L'honorable M. de Theux me dit : Vous avez beau faire des lois, vous n'empêcherez pas la liberté de conscience ! Mais en quoi voulons-nous empêcher la liberté de conscience ? Absolument en rien. Nous avons dit que quand une loi existait, elle devait être obéie ; mais avons-nous (page 302) contesté aux citoyens le droit de dire que cette loi était mauvaise, de chercher à la réformer ? En aucune manière.
Lorsqu'une loi sera contraire à tel ou tel dogme, on n'empêchera pas les religionnaires qui acceptent ces dogmes de la condamner, mais, comme citoyens, ils seront tenus de l'observer. (Interruption.)
Quand l'inquisition brûlait les protestants, les hérétiques, est-ce que les protestants et les hérétiques ne conservaient par leur foi et leur croyance ? Evidemment.
L'honorable membre est venu vous dire aussi que les ministres des cultes ne peuvent pas faire partie du jury, parce qu'ils ne peuvent prendre part à une condamnation judiciaire.

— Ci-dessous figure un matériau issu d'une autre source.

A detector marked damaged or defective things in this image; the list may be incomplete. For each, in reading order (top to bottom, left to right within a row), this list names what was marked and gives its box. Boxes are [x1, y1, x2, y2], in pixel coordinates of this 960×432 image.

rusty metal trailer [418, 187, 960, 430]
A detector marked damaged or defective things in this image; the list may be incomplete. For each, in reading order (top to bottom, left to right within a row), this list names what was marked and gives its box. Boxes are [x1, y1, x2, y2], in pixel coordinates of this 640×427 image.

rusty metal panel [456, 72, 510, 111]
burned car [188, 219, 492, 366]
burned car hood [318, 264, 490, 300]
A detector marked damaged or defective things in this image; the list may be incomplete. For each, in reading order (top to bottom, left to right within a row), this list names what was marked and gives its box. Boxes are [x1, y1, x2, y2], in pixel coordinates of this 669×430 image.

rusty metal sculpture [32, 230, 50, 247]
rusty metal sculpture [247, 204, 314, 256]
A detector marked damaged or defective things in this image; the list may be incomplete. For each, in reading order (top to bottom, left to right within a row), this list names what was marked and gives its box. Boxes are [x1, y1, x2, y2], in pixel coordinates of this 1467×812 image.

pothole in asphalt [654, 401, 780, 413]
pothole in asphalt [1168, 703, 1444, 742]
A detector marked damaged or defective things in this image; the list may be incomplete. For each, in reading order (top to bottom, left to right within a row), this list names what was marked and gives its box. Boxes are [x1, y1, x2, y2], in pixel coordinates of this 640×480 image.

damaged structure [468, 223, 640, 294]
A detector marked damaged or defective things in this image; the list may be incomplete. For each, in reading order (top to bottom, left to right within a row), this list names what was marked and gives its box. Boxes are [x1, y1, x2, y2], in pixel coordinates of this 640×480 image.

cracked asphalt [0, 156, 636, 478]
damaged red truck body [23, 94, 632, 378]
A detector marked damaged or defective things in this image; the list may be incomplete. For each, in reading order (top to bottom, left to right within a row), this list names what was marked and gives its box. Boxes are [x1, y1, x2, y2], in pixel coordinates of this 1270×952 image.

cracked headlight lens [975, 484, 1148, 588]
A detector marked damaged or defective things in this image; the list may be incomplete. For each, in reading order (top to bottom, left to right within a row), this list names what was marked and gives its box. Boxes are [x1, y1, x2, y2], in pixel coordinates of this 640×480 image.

Où avez-vous vu cela ? Est-ce que, du reste, le juré condamne, prononce les peines ? Il se borne à apprécier une question de fait. Et puis est-ce que les ministres des cultes n'ont pas participé comme témoins dans de nombreuses affaires, qui ont eu pour conséquence une condamnation criminelle ? Ne venez donc pas soutenir que les ministres des cultes ne peuvent prendre part à une condamnation judiciaire.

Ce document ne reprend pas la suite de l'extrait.